Il était squelettique, les os de son poignet ressortaient, ses veines bosselaient son cuir vieilli par le temps et le soleil. Pourtant ses yeux recelaient une lueur, une détermination farouche que rien ne semblait pouvoir miner. Plongé dans ce halo, Astark eut l'impression de voir un autre homme, avant de revenir à l'obscurité du souterrain où ils se terraient.
— Passons mon physique veux-tu jeune homme, et discutons plutôt de ta situation qui me semble bien plus mauvaise que la mienne. As-tu une idée de pourquoi nous sommes ici ?
Son interlocuteur baissa la tête, bien sûr qu'il le savait.
— Je suis une gêne, un incapable qui n'a pas eut le cran de disparaître lui-même, alors je suppose que vous venez me donner un "coup de main", dit-il en appuyant les derniers mots d'une ironie propre à l’aristocratie, ton que l'on apprenait dès son plus jeune âge.
L'assassin eut un rire grave, déformé et amplifié par l'écho du tunnel.
— Tu es certainement une gêne, mais pas aux yeux de tes parents, mon garçon. Ces deux idiots débordent d'amour pour toi, et tout aurait été bien plus simple pour eux, et pour moi s'ils avaient pu faire ce que tu dis là.
Il secoua la tête, peiné par la décision de son duc.

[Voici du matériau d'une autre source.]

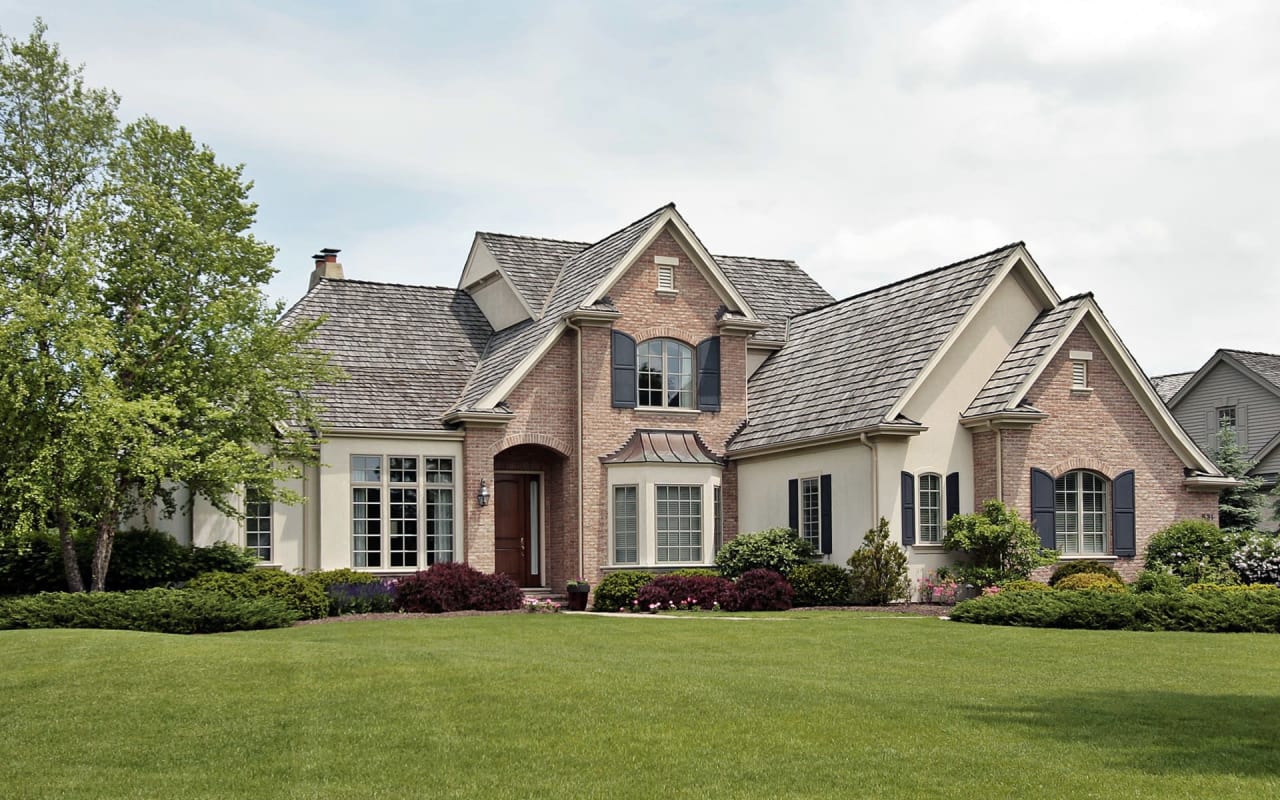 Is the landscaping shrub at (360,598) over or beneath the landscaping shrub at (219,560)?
beneath

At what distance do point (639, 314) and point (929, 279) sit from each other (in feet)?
20.6

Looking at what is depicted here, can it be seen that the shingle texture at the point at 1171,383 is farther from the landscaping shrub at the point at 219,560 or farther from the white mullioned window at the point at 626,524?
the landscaping shrub at the point at 219,560

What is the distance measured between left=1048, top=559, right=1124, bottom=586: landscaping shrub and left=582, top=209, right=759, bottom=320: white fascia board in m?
8.50

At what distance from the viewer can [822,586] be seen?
2717 centimetres

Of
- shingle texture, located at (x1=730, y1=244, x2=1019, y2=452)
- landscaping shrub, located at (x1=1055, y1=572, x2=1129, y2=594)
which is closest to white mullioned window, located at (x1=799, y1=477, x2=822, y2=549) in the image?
shingle texture, located at (x1=730, y1=244, x2=1019, y2=452)

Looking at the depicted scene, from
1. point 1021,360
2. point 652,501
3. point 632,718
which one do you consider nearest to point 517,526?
point 652,501

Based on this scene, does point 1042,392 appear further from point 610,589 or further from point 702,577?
point 610,589

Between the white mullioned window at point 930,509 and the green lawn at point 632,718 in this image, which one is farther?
the white mullioned window at point 930,509

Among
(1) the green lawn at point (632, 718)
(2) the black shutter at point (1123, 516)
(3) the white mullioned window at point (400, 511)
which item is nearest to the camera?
(1) the green lawn at point (632, 718)

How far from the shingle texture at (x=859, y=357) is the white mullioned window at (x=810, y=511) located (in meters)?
1.04

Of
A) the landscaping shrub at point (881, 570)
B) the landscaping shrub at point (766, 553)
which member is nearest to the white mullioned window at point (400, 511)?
the landscaping shrub at point (766, 553)

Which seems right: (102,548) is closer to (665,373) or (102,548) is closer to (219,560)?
(219,560)

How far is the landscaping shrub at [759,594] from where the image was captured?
26.6 metres

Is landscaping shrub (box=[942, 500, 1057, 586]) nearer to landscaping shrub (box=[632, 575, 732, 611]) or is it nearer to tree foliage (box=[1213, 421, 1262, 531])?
landscaping shrub (box=[632, 575, 732, 611]) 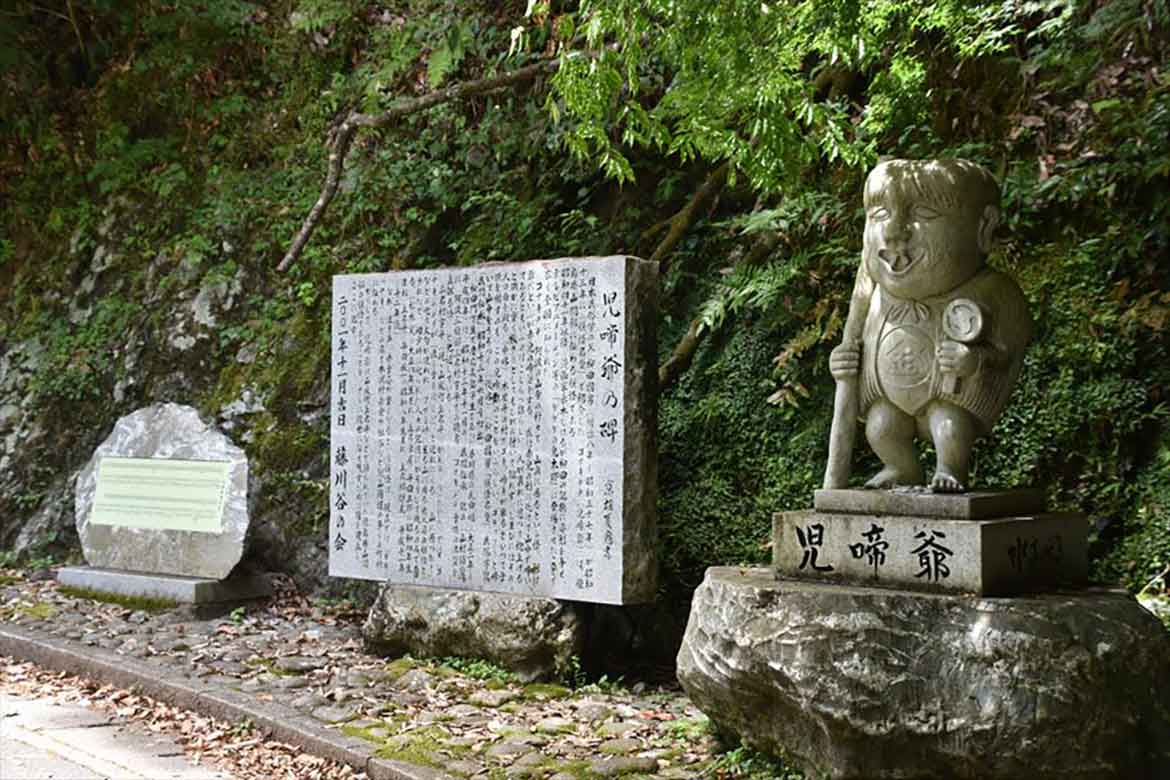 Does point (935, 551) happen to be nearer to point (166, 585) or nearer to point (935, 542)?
point (935, 542)

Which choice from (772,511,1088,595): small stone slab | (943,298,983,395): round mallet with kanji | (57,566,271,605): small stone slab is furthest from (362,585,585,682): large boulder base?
(943,298,983,395): round mallet with kanji

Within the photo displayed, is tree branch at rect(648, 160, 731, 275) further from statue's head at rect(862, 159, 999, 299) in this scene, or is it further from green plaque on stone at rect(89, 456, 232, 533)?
green plaque on stone at rect(89, 456, 232, 533)

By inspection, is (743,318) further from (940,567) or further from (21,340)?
(21,340)

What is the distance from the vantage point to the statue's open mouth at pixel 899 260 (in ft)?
16.3

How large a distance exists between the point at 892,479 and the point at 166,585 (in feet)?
18.0

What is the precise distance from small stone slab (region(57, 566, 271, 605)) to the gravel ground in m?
0.13

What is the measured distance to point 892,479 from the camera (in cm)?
516

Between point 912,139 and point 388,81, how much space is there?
15.3ft

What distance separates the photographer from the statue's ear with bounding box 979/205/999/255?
16.4ft

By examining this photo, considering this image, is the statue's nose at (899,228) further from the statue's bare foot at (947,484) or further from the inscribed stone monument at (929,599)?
the statue's bare foot at (947,484)

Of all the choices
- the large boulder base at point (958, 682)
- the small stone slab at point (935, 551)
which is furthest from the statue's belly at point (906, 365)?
the large boulder base at point (958, 682)

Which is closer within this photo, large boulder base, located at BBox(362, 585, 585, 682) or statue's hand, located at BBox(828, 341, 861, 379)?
statue's hand, located at BBox(828, 341, 861, 379)

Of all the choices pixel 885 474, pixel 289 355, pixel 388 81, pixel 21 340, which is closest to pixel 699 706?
pixel 885 474

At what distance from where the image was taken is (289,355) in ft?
31.4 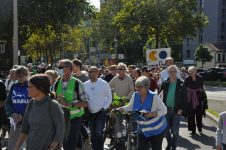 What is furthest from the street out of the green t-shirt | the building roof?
the building roof

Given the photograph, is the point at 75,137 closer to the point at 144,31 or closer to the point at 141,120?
the point at 141,120

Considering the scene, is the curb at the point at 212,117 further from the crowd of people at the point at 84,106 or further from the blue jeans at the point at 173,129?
the blue jeans at the point at 173,129

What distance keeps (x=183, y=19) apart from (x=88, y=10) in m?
9.30

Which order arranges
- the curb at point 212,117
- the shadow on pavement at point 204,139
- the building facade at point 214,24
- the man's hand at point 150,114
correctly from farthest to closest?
the building facade at point 214,24 → the curb at point 212,117 → the shadow on pavement at point 204,139 → the man's hand at point 150,114

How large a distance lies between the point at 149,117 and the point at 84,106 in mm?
1196

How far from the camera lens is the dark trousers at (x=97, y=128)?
8.07 metres

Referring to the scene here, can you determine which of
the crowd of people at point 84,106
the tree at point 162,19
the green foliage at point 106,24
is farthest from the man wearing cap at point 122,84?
the green foliage at point 106,24

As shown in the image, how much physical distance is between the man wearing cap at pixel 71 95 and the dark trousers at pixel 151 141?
112 cm

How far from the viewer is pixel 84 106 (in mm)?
7215

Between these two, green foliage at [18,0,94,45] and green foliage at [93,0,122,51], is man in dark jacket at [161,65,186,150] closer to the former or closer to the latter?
green foliage at [18,0,94,45]

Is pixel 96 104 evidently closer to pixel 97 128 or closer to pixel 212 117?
pixel 97 128

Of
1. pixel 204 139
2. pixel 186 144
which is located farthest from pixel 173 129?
pixel 204 139

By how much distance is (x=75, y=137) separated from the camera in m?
7.17

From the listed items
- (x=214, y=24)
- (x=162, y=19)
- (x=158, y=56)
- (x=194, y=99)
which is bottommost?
(x=194, y=99) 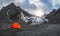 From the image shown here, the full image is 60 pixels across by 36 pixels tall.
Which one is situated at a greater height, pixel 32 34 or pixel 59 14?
pixel 59 14

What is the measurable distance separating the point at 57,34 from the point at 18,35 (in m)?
6.19

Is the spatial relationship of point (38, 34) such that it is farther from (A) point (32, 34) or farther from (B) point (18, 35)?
(B) point (18, 35)

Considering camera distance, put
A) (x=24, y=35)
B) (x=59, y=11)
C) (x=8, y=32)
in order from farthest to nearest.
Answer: (x=59, y=11) → (x=8, y=32) → (x=24, y=35)

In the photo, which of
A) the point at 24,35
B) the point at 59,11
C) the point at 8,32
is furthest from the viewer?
the point at 59,11

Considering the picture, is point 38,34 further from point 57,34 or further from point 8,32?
point 8,32

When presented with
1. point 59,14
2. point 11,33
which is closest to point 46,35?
point 11,33

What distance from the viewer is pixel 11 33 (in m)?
29.3

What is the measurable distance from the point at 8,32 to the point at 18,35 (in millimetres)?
2354

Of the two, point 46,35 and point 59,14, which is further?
point 59,14

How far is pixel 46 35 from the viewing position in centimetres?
2800

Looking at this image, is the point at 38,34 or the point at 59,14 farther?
the point at 59,14

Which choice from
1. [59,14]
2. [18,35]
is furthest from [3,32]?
[59,14]

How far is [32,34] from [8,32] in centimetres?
413

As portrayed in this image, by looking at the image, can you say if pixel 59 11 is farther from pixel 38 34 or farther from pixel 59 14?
pixel 38 34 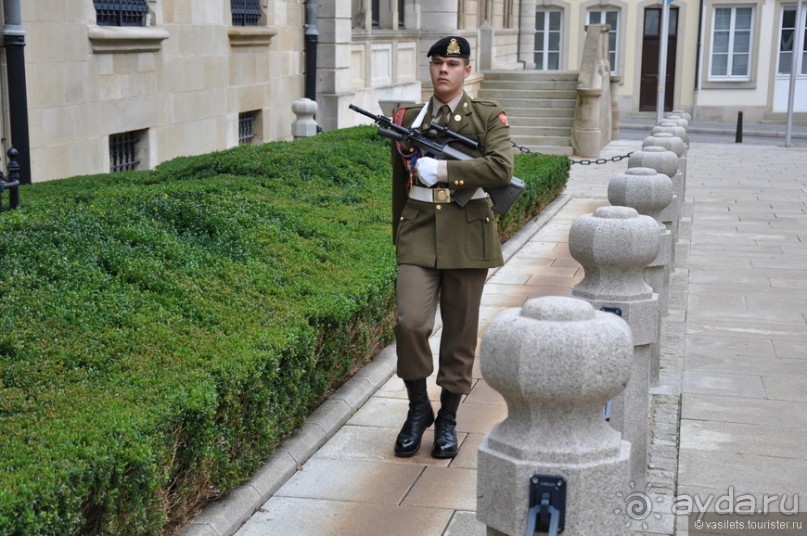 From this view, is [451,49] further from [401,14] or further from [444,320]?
[401,14]

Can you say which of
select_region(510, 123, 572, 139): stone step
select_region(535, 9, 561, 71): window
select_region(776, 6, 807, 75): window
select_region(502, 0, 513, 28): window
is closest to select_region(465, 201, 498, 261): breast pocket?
select_region(510, 123, 572, 139): stone step

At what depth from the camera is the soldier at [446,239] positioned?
5297 millimetres

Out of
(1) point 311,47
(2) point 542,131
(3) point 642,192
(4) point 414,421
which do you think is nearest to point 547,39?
(2) point 542,131

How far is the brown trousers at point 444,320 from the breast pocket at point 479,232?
0.33 ft

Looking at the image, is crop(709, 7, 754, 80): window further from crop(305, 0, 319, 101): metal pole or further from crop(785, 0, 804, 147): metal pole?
crop(305, 0, 319, 101): metal pole

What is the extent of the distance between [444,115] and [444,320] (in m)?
1.02

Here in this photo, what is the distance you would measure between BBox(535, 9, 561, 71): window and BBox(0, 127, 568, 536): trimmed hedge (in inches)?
1388

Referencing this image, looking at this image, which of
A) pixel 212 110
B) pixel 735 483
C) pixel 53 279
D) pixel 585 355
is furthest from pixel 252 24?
pixel 585 355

— Non, non, à leurs yeux tu es bien plus précieux que tu ne te l'imagines. Ce qui gêne, c'est ton Lien. Que tu ne puisses pas le manipuler, ça n'est pas si rare, même pour quelqu'un de ton rang. Ce qui est plus rare, c'est que personne ne peut t'atteindre par le Lien sans subir à son tour la douleur qui t'atteint lorsque tu t'y essayes. Et c'est un problème plus grave pour le roi, qui voit en toi un sujet qu'il ne peut astreindre à la fidélité par le Lien. Tu es un traître potentiel, issu d'une haute naissance, un loup dans la bergerie. Il ne prendra pas ce risque et te fera éliminer, les vœux de la capitale ne sont qu'un prétexte à la venue de leurs assassins. Comprends-tu ta position à présent ? Et pourquoi la mienne reste plus désirable que la tienne, ajouta-t-il en triturant le brasero avec une branche.
Du haut de ses neuf ans, Astark eut bien du mal à prendre conscience de ce que cela pouvait signifier. Il n'était pas un traître, et n'avait pas l'intention d'en être un. La seule chose qu’il imprégna de leurs échanges, c’est que sa tête ne tenait que par cet homme, et la volonté de son père.